[Date Prev][Date Next][Thread Prev][Thread Next][Date Index][Thread Index]
Re: [idn] Do you want ASCII forever?
Dan Oscarsson <Dan.Oscarsson@trab.se> wrote:
> I would like to know if most of you want to
> have ASCII forever, or if you want to move to UCS as the
> character encoding to be used for interoperability?
>
> I have since the beginning of the IDN working group wanted UCS
> to the only character encoding to be used between systems.
> But from the discussions on the list I have felt there is a big
> group not wanting to leave ASCII.
Speaking as a relative outsider to the IDN working group and its
charter, I see this as a loaded question that completely misrepresents
the whole debate between ACE and UTF-8.
Neither ACE nor UTF-8 "is" the UCS to the exclusion of the other. UTF-8
is an official Character Encoding Form for the UCS (Unicode), while the
ACE concept in general and Punycode in particular were designed
specifically for the IDN project. But that has nothing to do with ACE
proponents "not wanting to leave ASCII." Anyone who is involved in IDN
is, almost by definition, involved because he or she wants to see a way
to use non-ASCII characters in the DNS.
Both ACE and UTF-8 are designed to represent all the characters of the
UCS, while at the same time maintaining compatibility with some legacy
character set. In the case of UTF-8, the set with which compatibility
is maintained is the entire 7-bit ASCII code space; in the case of ACE,
it is the subset of ASCII used in the existing DNS.
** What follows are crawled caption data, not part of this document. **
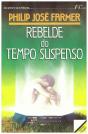 Rebelde do Tempo Suspenso - Preview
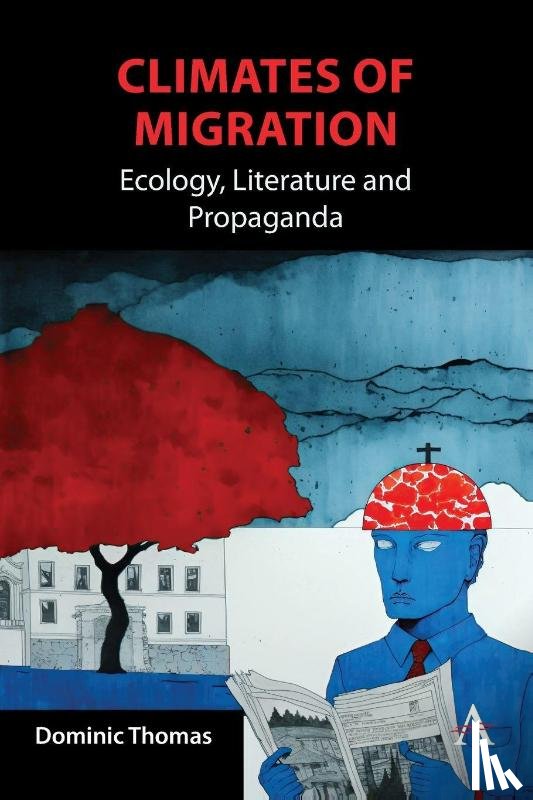 Thomas, Dominic - Climates of Migration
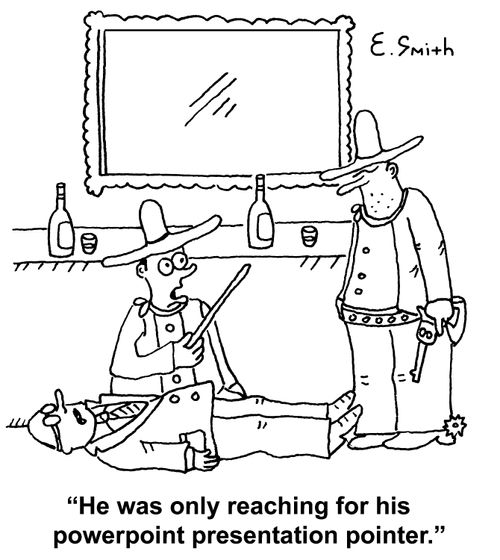 'He was only reaching for his powerpoint presentation pointer.'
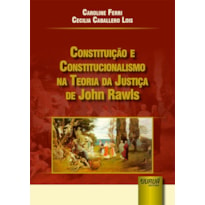 CONSTITUIÇÃO E CONSTITUCIONALISMO NA TEORIA DA JUSTIÇA DE JOHN RAWLS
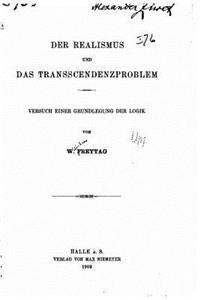 Der realismus und das transscendenzproblem, Versuch einer grundlegung der logik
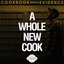 A Whole New Cook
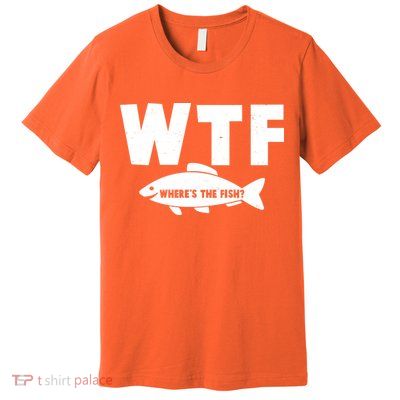 WTF Where's The Fish Fishing Fan Premium T-Shirt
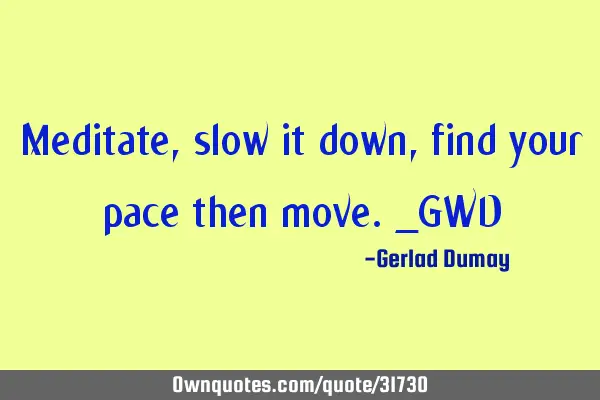 Meditate, slow it down, find your pace then move._GWD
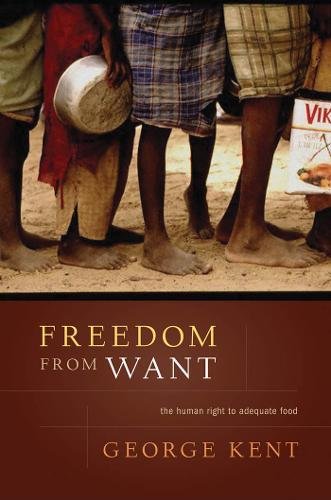 Freedom From Want The Human Right To Adequate Food (advancing Human Rights) [Paperback]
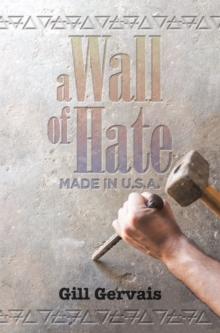 A Wall of Hate : Made in the Usa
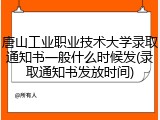 唐山工业职业技术大学录取通知书一般什么时候发(录取通知书发放时间)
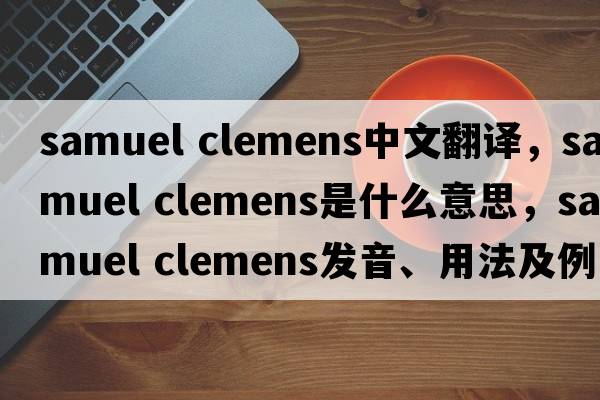 Samuel Clemens中文翻譯，Samuel Clemens是什么意思，Samuel Clemens發(fā)音、用法及例句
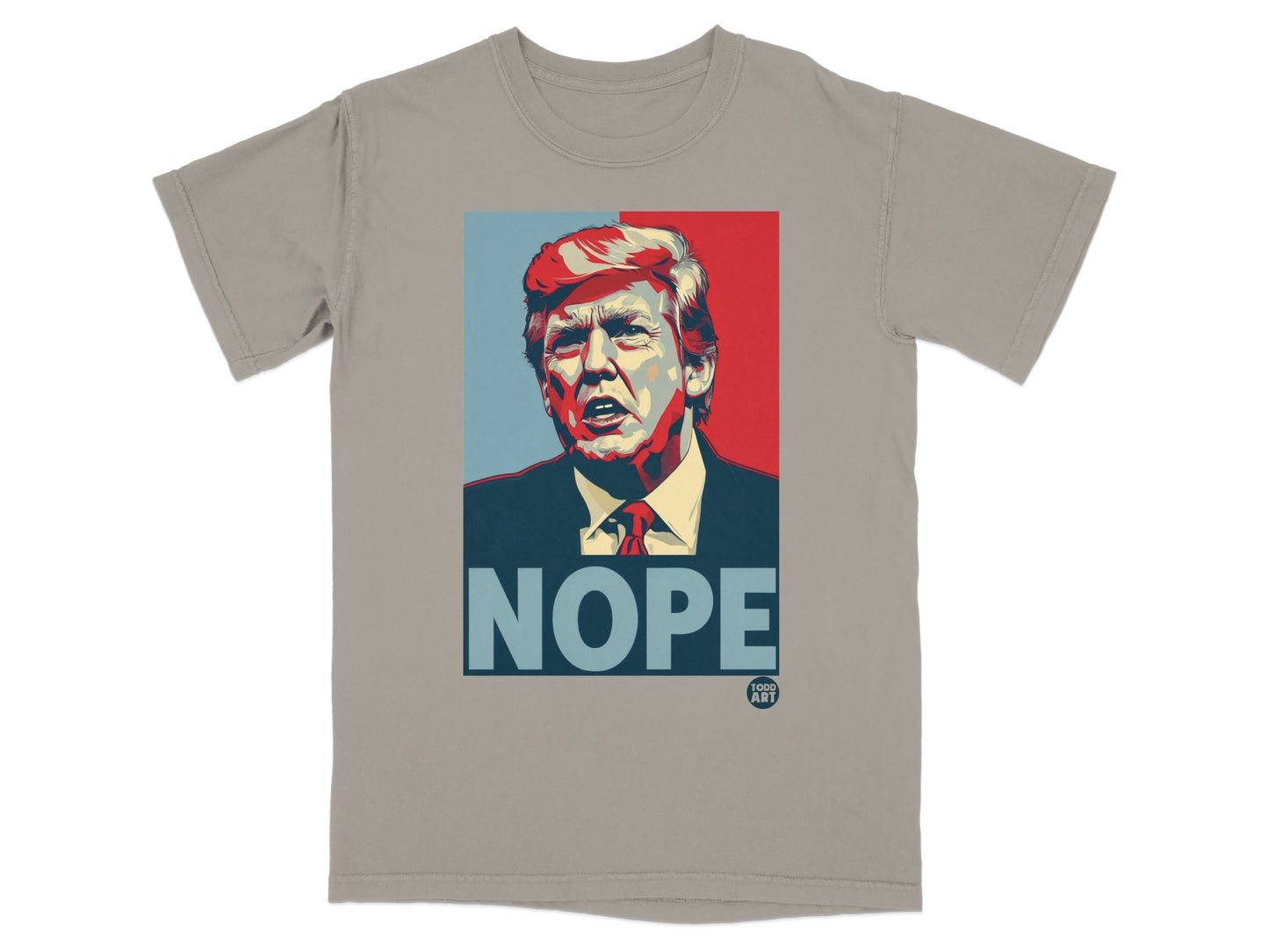 T-shirt with a graphic of Donald Trump with the word "NOPE" below.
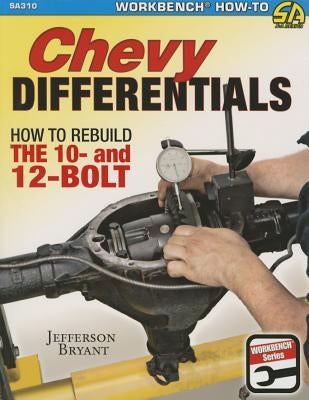 Chevy Differentials: How to Rebuild the 10- And 12-Bolt by Bryant, Jefferson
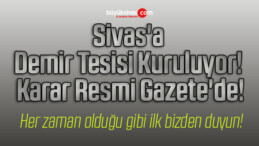 Sivas’a Demir Tesisi Kuruluyor! Karar Resmi Gazete’de!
Remember that the entire purpose for inventing UTF-8 in the first place,
ten years ago, was to allow Unicode to be used in Unix and other
ASCII-based operating systems, given their assumptions and
estrictions -- not a very different situation from inventing ACE to
allow Unicode to be used in the DNS, given *its* assumptions and
restrictions.
Remember, too, that IDNA requires more than just ACE (or UTF-8). It
also requires nameprep, which is several times more complex than ACE
and, in any event, refutes the argument that existing UTF-8-aware
browsers and e-mail clients could handle a UTF-8-based IDNA with no
change.
> IDNA will result in increased complexity. I have written software
> handing the decoding of MIME and URLs. I very much dislike the
> mess where every small part of a text line have to first be parsed
> into parts, the each part have to be decoded using different
> methods. ACE, %-encoding, quoted-printable,...
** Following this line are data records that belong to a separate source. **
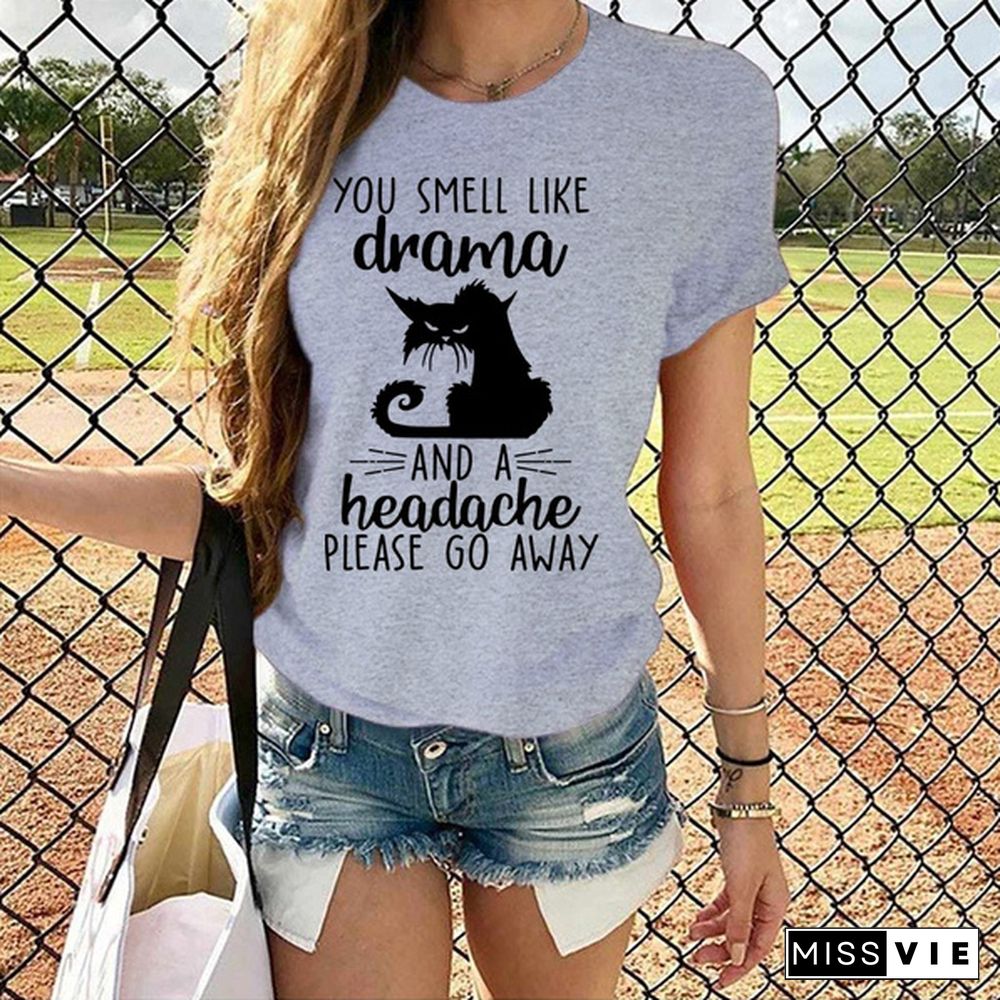 Cute Cat You Smell Like Drama T-shirts For Women Summer Tee Shirt Femme Casual Short Sleeve Round Neck Tops T-shirts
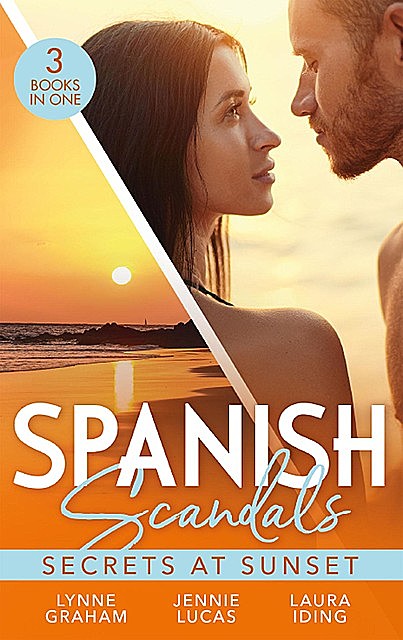 Spanish Scandals: Secrets At Sunset, Jennie Lucas, Lynne Graham, Laura Iding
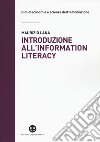 Introduzione all'information literacy. Storia, modelli, pratiche libro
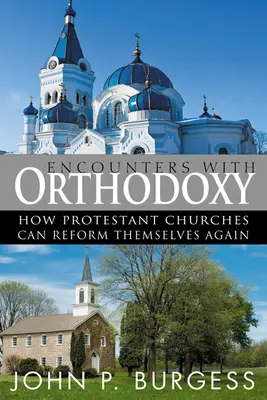 Stretnutia s pravoslávím: Ako sa protestantské cirkvi môžu opäť reformovať - Encounters with Orthodoxy: How Protestant Churches Can Reform Themselves Again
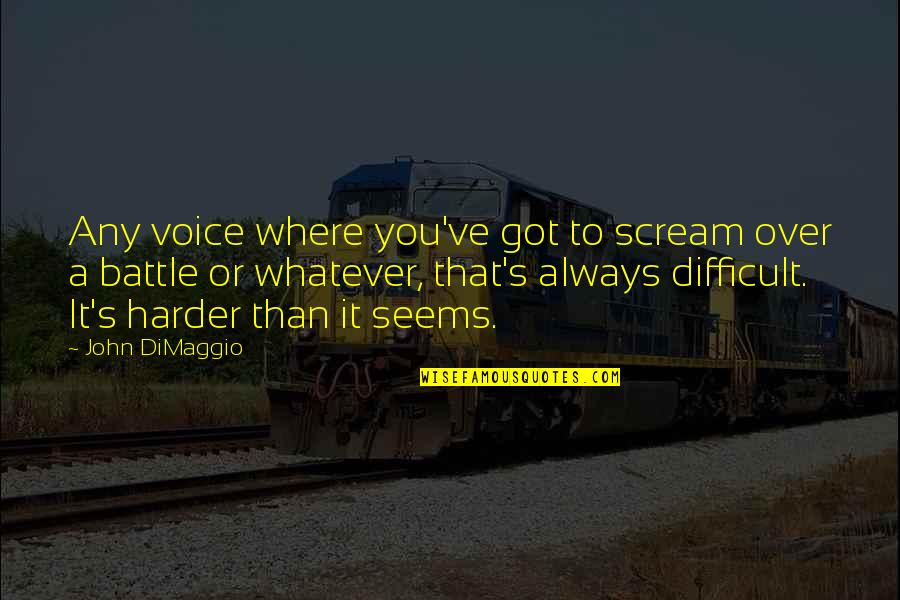 John Dimaggio Quotes By John DiMaggio: Any voice where you've got to scream over John Dimaggio Quotes By John DiMaggio: Any voice where you've got to scream over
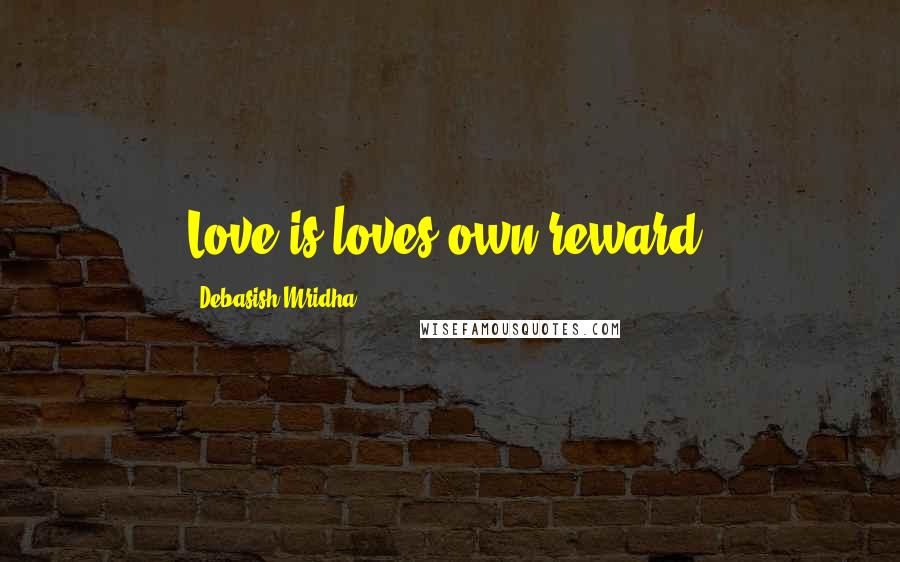 Debasish Mridha Quotes: Love is loves own reward.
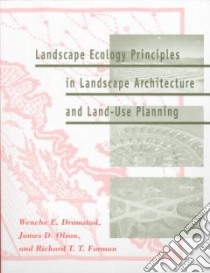 Landscape Ecology Principles in Landscape Architecture and Land-Use Planning libro in lingua di Dramstad Wenche E., Olson James D., Forman Richard T. T.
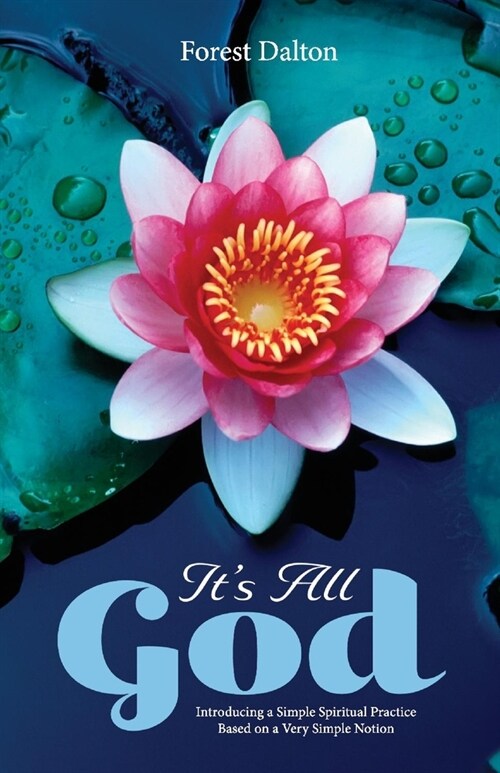 Its All God: Introducing a Simple Spiritual Practice Based on a Very Simple Notion (Paperback)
Of course IDNA will result in increased complexity. Did anyone honestly
believe it would be possible to add support for an almost limitless
repertoire of characters without some added complexity?
> The world would have been so much simpler if everybody
> had used UCS. Why not at least make that the goal and try
> to get rid of the "encode on top of ASCII"?
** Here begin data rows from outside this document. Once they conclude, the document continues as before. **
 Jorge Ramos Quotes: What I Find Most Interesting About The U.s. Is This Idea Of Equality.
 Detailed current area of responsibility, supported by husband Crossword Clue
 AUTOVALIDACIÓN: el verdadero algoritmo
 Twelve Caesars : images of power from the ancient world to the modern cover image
I agree that life would be easier if the rest of the world had
cooperated in advance. But they didn't (and they still aren't now, at
least not completely), and IDN is intended to work in the world that
actually exists, not the one we wish we lived in.
> Looking at some of the more important areas: DNS, SMTP, HTTP
> and HTML they could be fixed fairely easy.
>
> - SMTP could add a negotiate in startup switching default
> character mode to UCS NFC in UTF-8 (requiring
> all headers to be UTF-8 and all default for all text).
>
> - HTTP version 1.2 could require all URLs and headers to
> be UCS NFC in UTF-8.
>
> - HTML 4.02 could require all URLs to use the same character
> set as the rest of the document or use %-encoded UTF-8.
>
> - DNS can use something built on UDNS, though due to having
> IDNA it will need an overhead as it will have to query
> the server if it can handle UCS (would not have been needed
> if we had started with UDNS).
Look at all the changes you are proposing. Then look at all the
difficulty e-mail clients and Web browsers are having just keeping up
with the standards that already exist.
Timeliness does matter in this project. While we are sitting here,
debating (again) whether IDNA should use the "perfect world" approach
that requires all these other upgrades, companies are already selling
"internationalized" Web addresses based on proprietary technologies.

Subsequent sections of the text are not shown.